Although she's stepping down from the bank, Matteson said she is “definitely” staying in town. She's looking forward to the flexibility retirement will afford, and plans to do some “family” traveling, visiting her sister in California, a family compound in the Blue Ridge Mountains and friends in Florida. She'll also spend time at a vacation home in Vermont.
Taking over as the Chatham branch's mortgage loan officer is Patti Lotane, who was previously mortgage loan officer at the bank's Orleans branch.
“Everybody's been receptive and warm,” Lotane said, acknowledging the big shoes she is stepping into. “It's been nice.”
Matteson credits President and CEO Dorothy A. Savarese with creating a nurturing environment at the bank, especially for women. She was glad Lotane was chosen to succeed her. “Having a woman at the helm is important,” Matteson said. “To see that level of female influence from the top down makes a difference.”
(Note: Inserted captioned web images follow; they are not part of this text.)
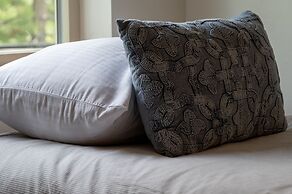 Park Cabin 3 Bedroom Cabin by RedAwning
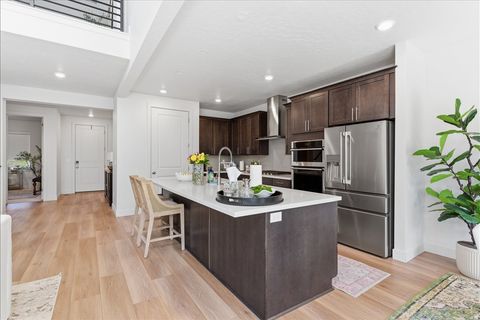 Tiny photo for 1306 E TALBOT DR, Kaysville, UT 84037 (MLS # 2150846)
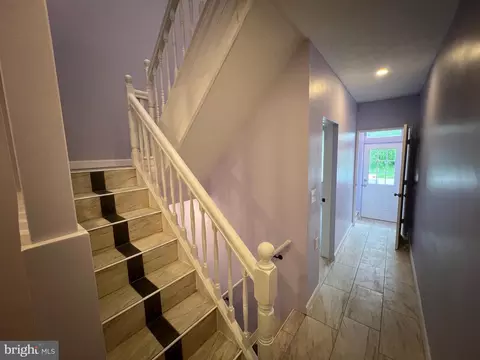 Entry Way - 815 N Payson St, Baltimore, MD 21217 photo 2 of 4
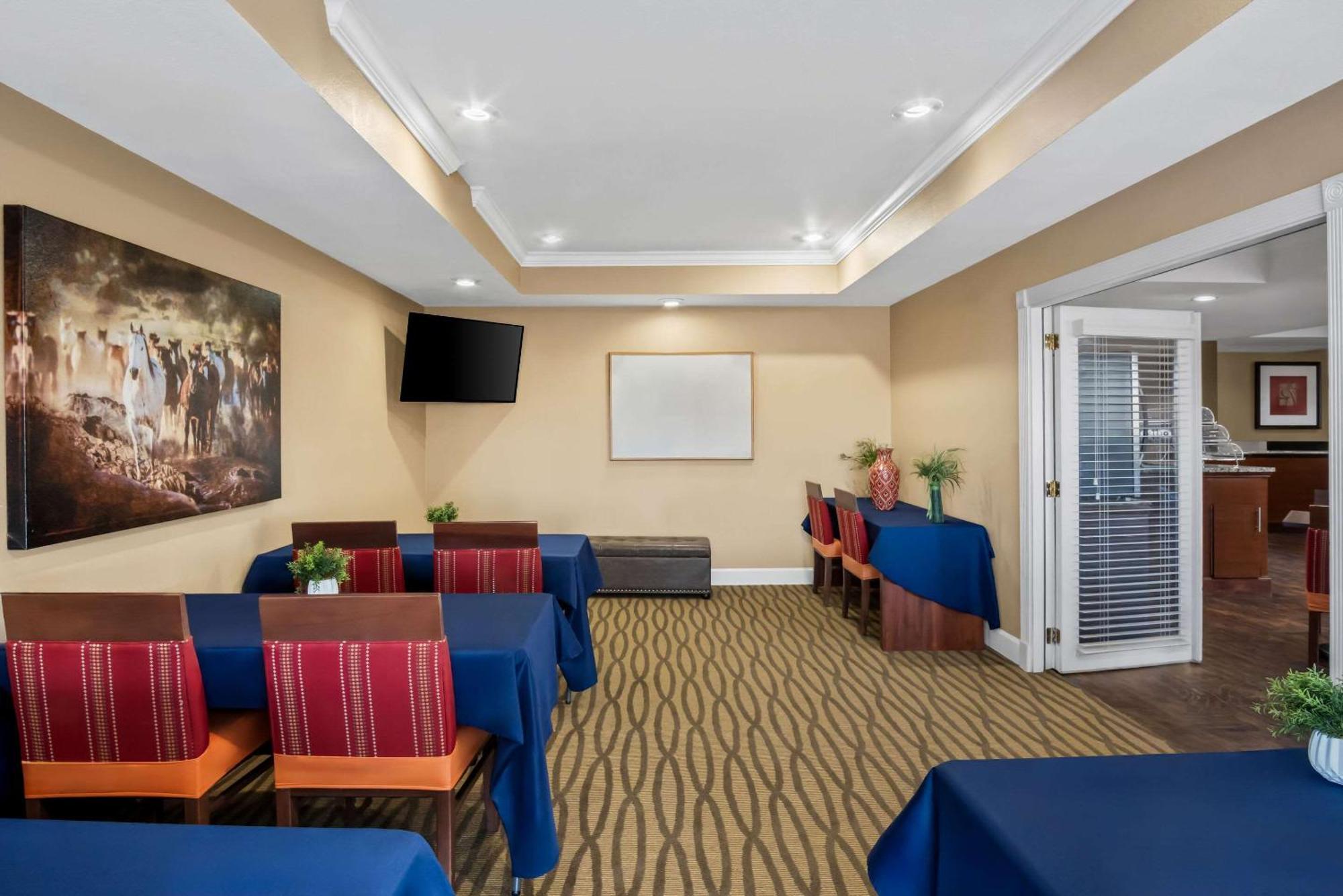 Quality Suites Irving-Las Colinas Zewnętrze zdjęcie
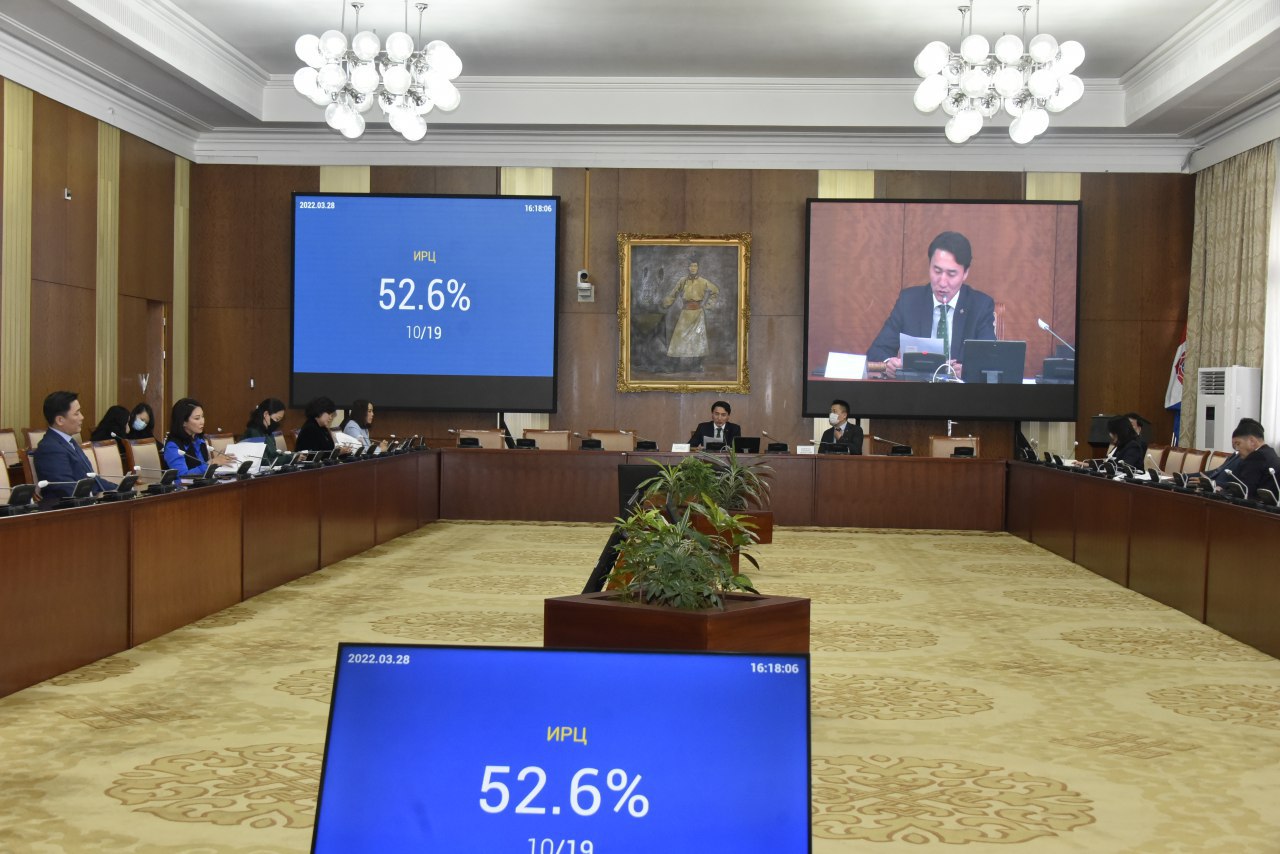 Монгол Улсын Засгийн газрын 2020-2024 оны үйл ажиллагааны хөтөлбөрийн 2021 оны хэрэгжилтийг хэлэлцэв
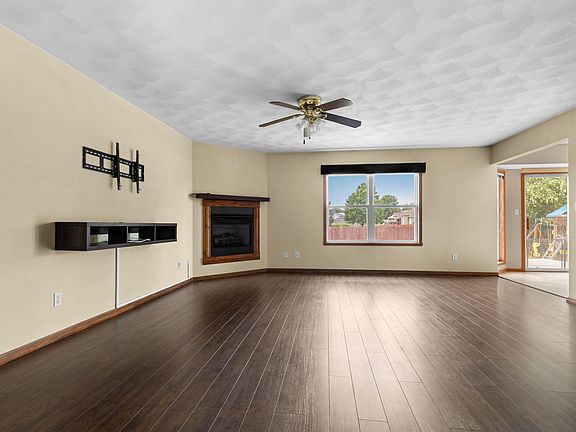 3rd image of 651 Purple Sage Dr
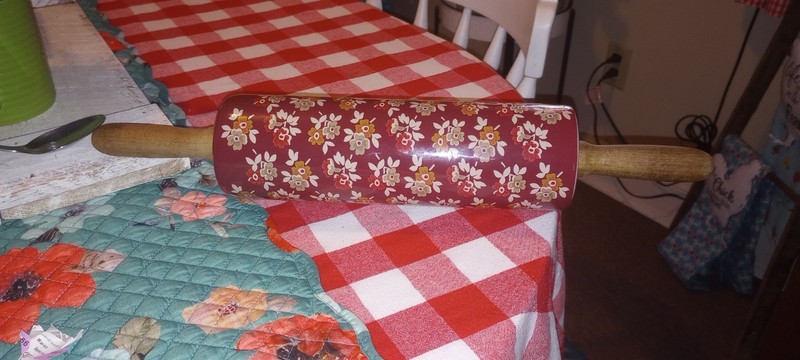 Pioneer Woman rolling pin 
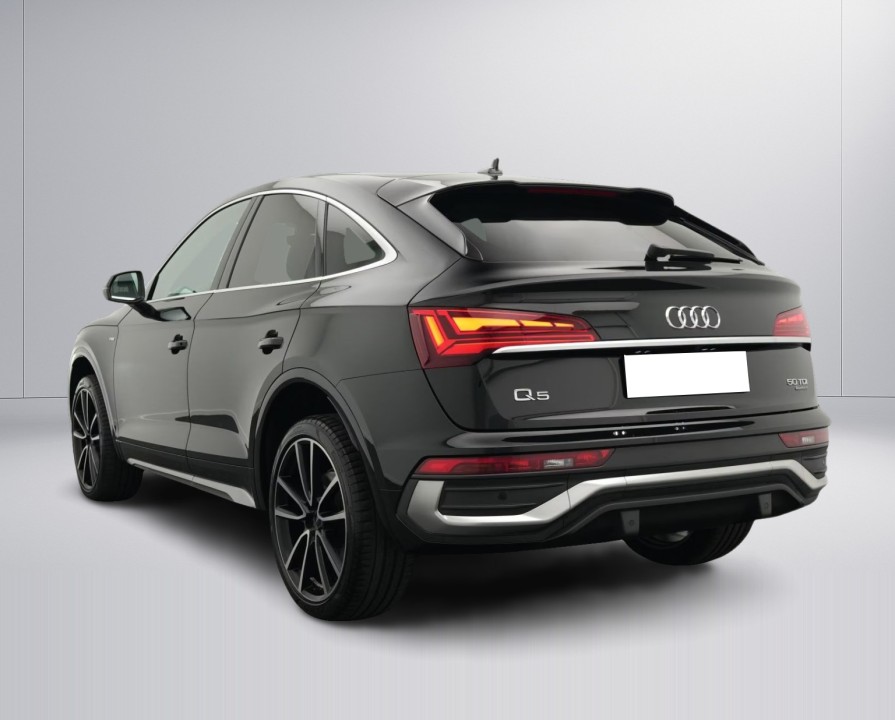 Audi Q5 Sportback 50TDI quattro - foto 8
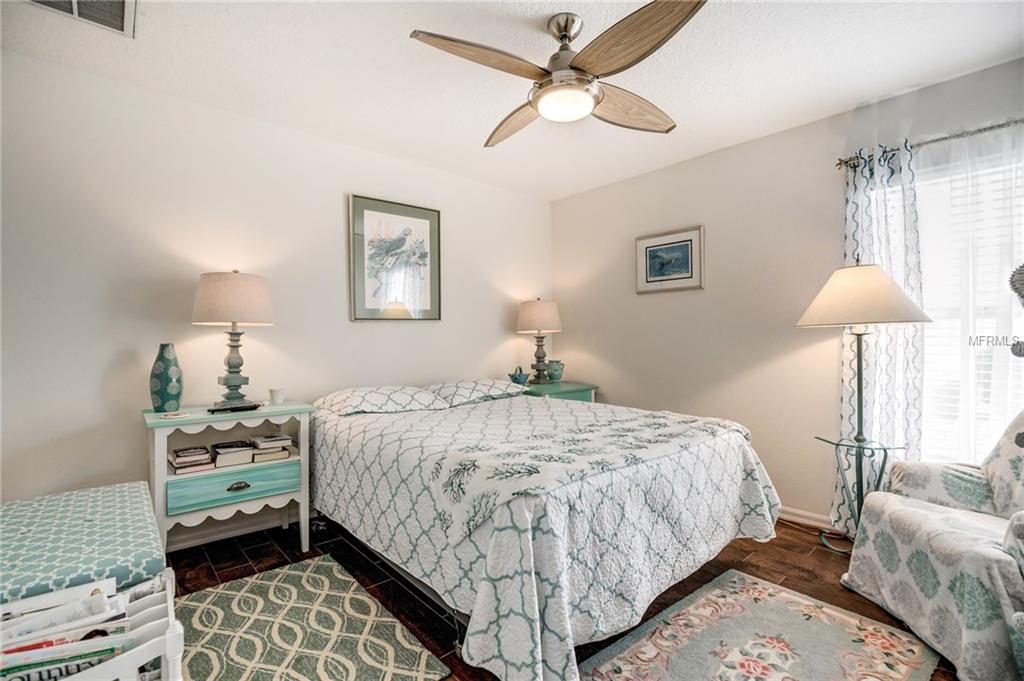 11515 LOUNDS COURT, NEW PORT RICHEY, Florida 34654, 3 Bedrooms Bedrooms, 5 Rooms Rooms,2 BathroomsBathrooms,Residential,For sale,LOUNDS,W7637539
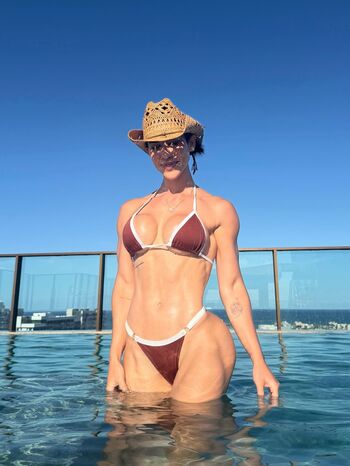 Full leaked Larissa tomasia private onlyfans photo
“On behalf of the entire Cape Cod 5 family, we extend our deepest appreciation to Barbara for her years of dedicated service to the bank, Cape Cod and especially the Chatham community,” Savarese said in a statement. “It has been a privilege to work alongside Barbara, and her warm presence will surely be missed by all. We wish her the very best in her next chapter of her life.”
The bank will hold an open house in honor of Matteson's retirement today, April 4, from noon to 4 p.m. at the Chatham branch. That's also her last day at work, and not coincidentally, the birthday of her late son Fred.